YOUR INSTRUCTIONS:
Your job is to retype all of the data word for word, leaving every image out.

BEGIN DATA SHOWN

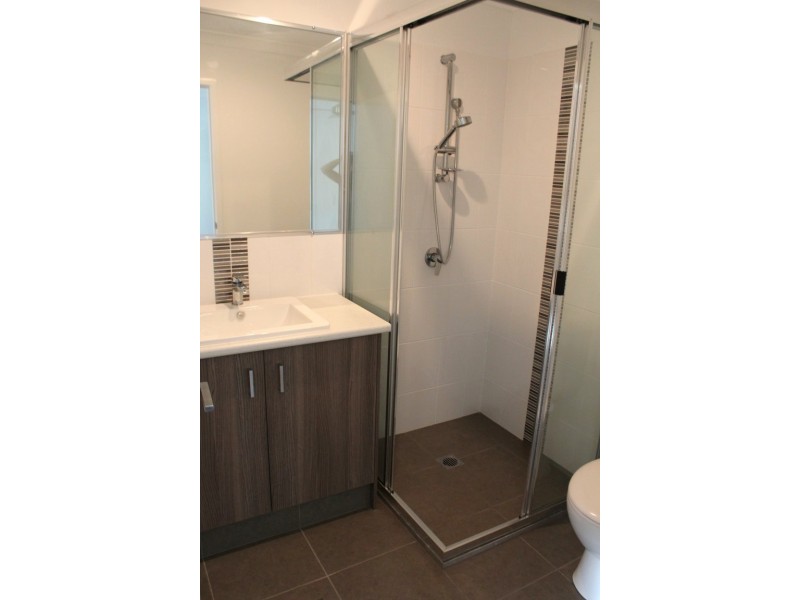 87 Loch Street, Emerald QLD 4720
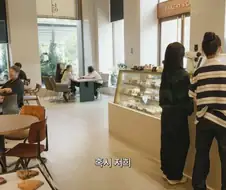 아이돌은 본업 때랑 일상 갭차이가 엄청나긴 하네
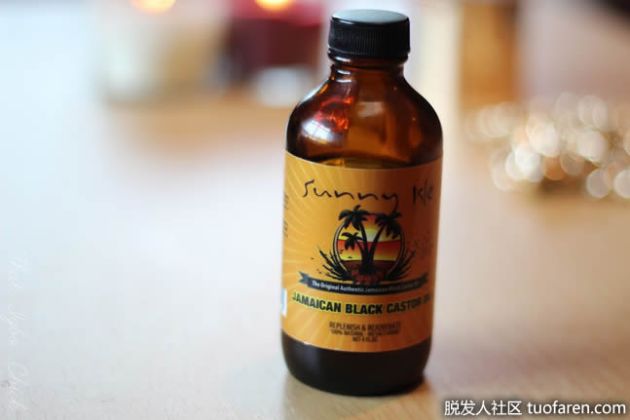 【圖】黑蓖麻油用於頭髮：使用它的5個理由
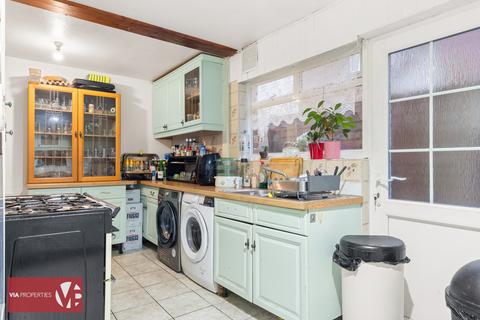 4 bedroom detached house for sale, Ware Road, Hoddesdon EN11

END DATA SHOWN

WRITTEN ANSWER:
 87 Loch Street, Emerald QLD 4720
 아이돌은 본업 때랑 일상 갭차이가 엄청나긴 하네
 【圖】黑蓖麻油用於頭髮：使用它的5個理由
 4 bedroom detached house for sale, Ware Road, Hoddesdon EN11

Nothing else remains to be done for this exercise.